Pictures with short captions
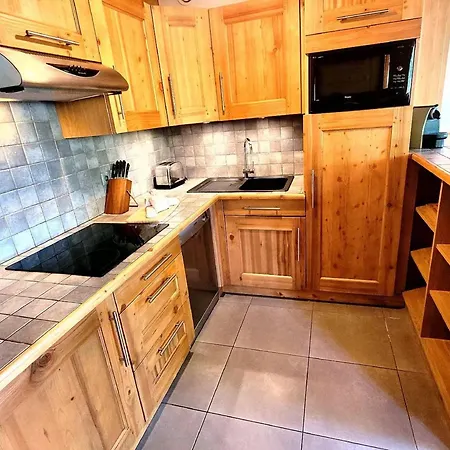 Duplex 3 Pieces Pres Des Pistes, Jardin, Terrasse, Wi-fi, Parking Couvert - Fr-1-598-80 * Les Gets
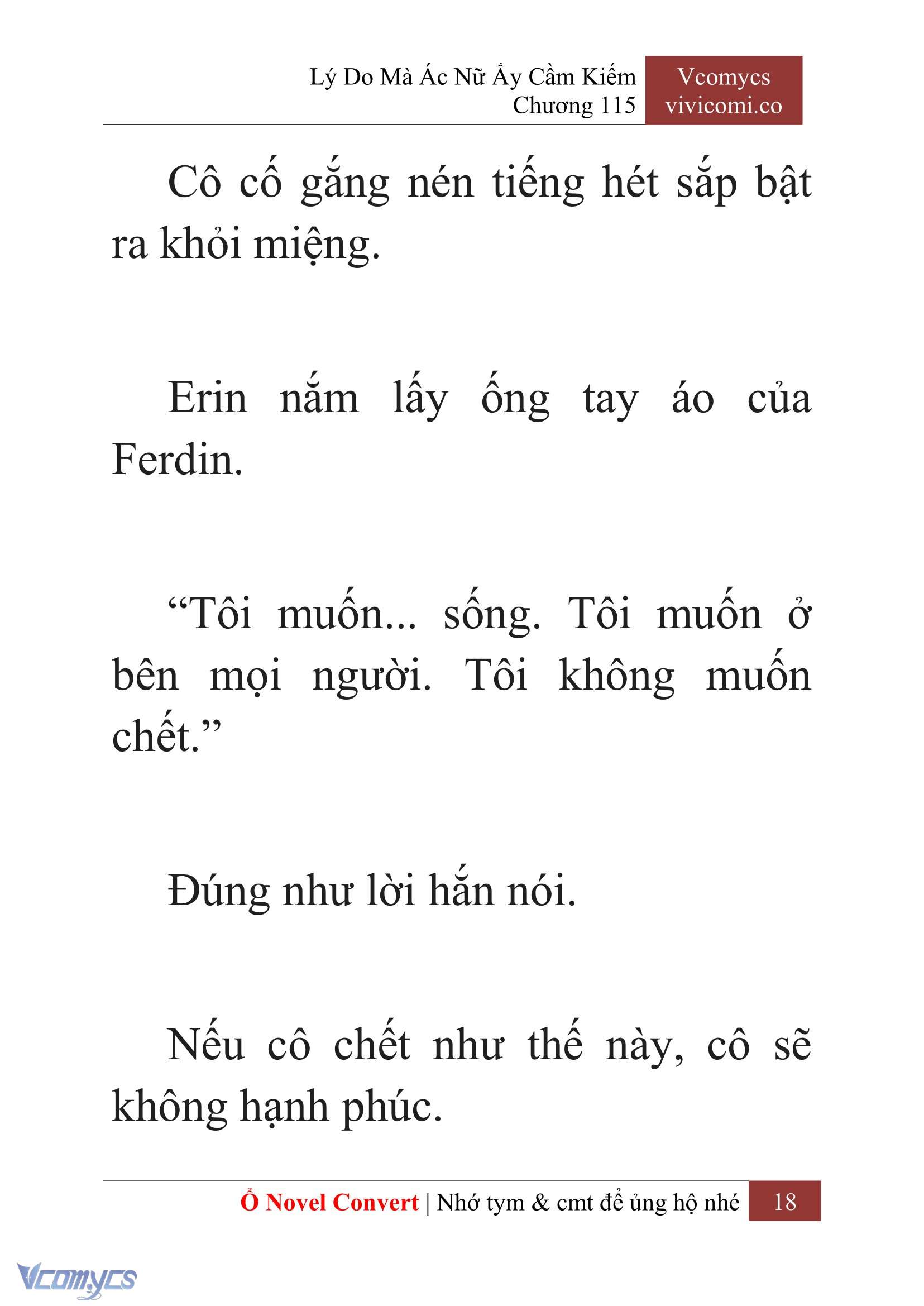[Novel] Lý Do Mà Ác Nữ Ấy Cầm Kiếm Chapter 115 - Trang 21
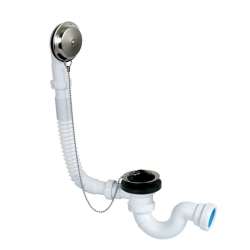 Imagen de S-34 VALVULA BAÑERA SIFONICA FLEXIBLE 1 1/2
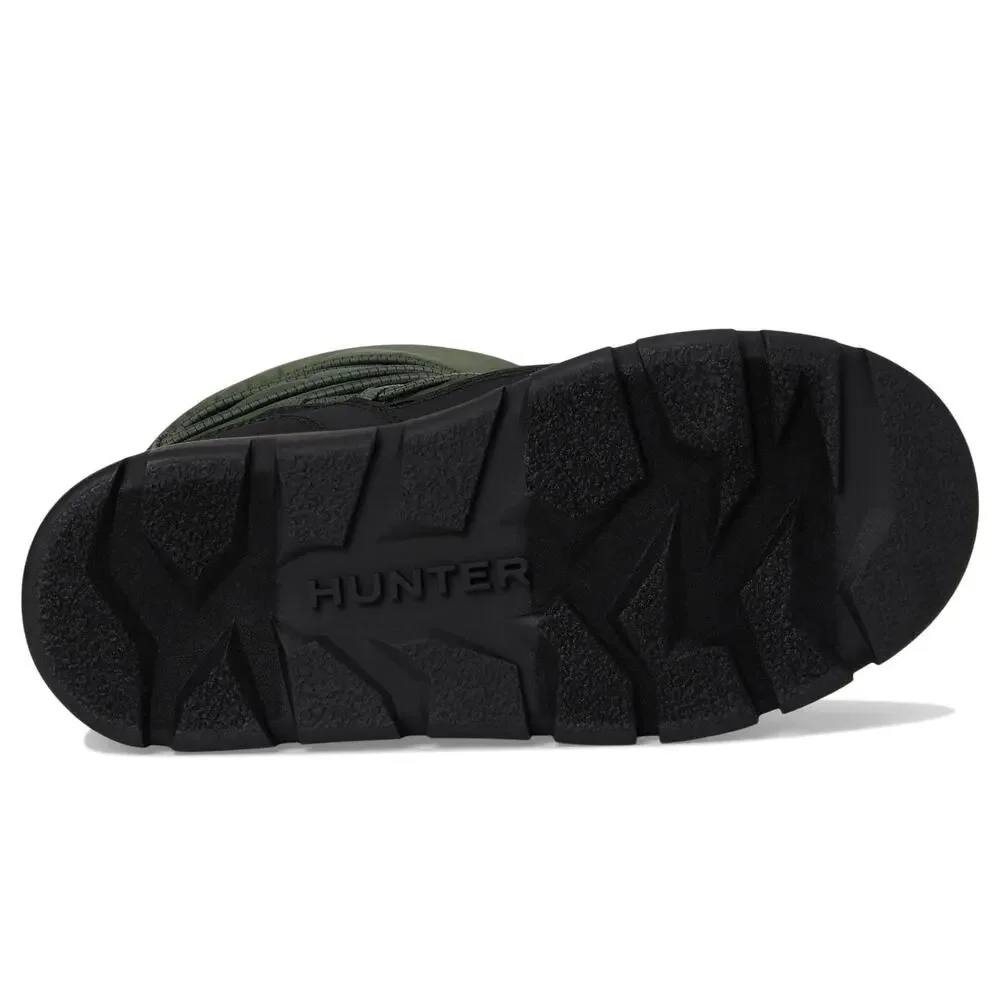 HUNTER, UNISEX, COZY (LITTLE KID/BIG KID), MEDIUM GREEN/BLACK, 1, MEDIUM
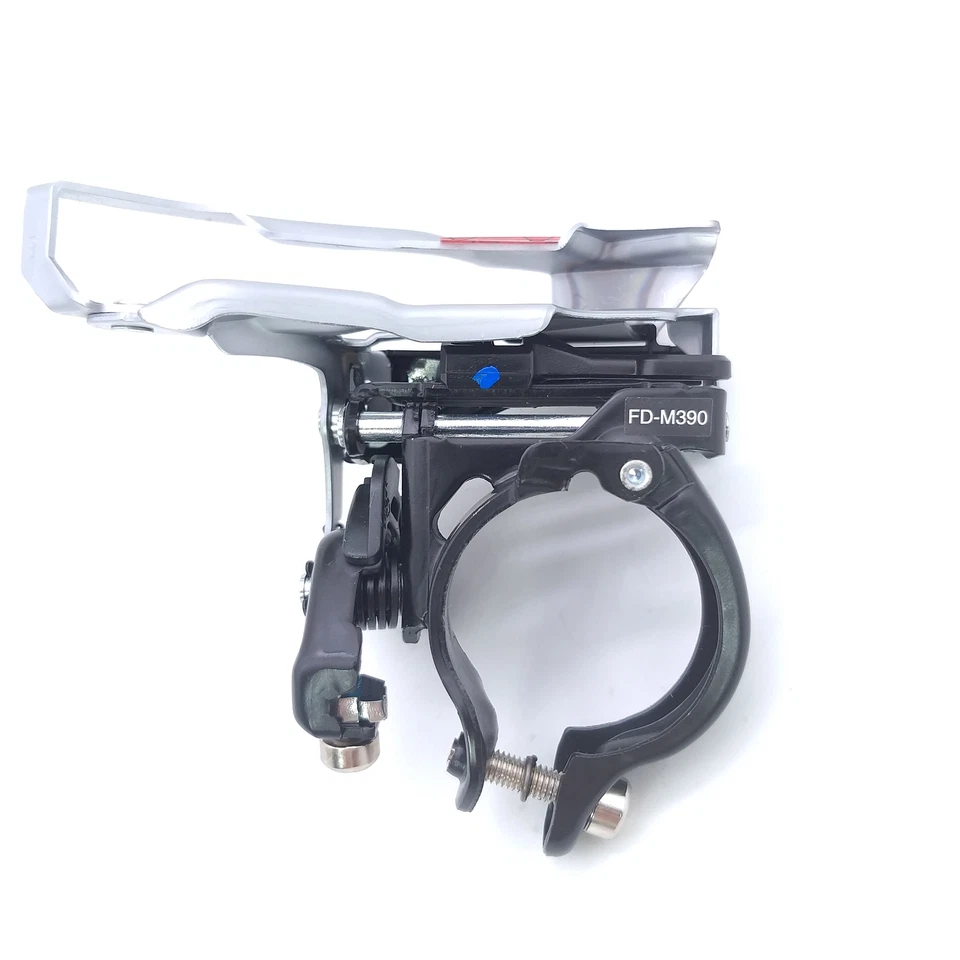 Shimano Acera FD-M390 Front Derailleur Top Swing Triple for 9s Mountain Bike - Image 4 of 4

Activity:
The full data, repeated exactly and stripped of its pictures, is the expected answer.

Answer for the task:
 Duplex 3 Pieces Pres Des Pistes, Jardin, Terrasse, Wi-fi, Parking Couvert - Fr-1-598-80 * Les Gets
[Novel] Lý Do Mà Ác Nữ Ấy Cầm Kiếm Chapter 115 - Trang 21
 Imagen de S-34 VALVULA BAÑERA SIFONICA FLEXIBLE 1 1/2
 HUNTER, UNISEX, COZY (LITTLE KID/BIG KID), MEDIUM GREEN/BLACK, 1, MEDIUM
 Shimano Acera FD-M390 Front Derailleur Top Swing Triple for 9s Mountain Bike - Image 4 of 4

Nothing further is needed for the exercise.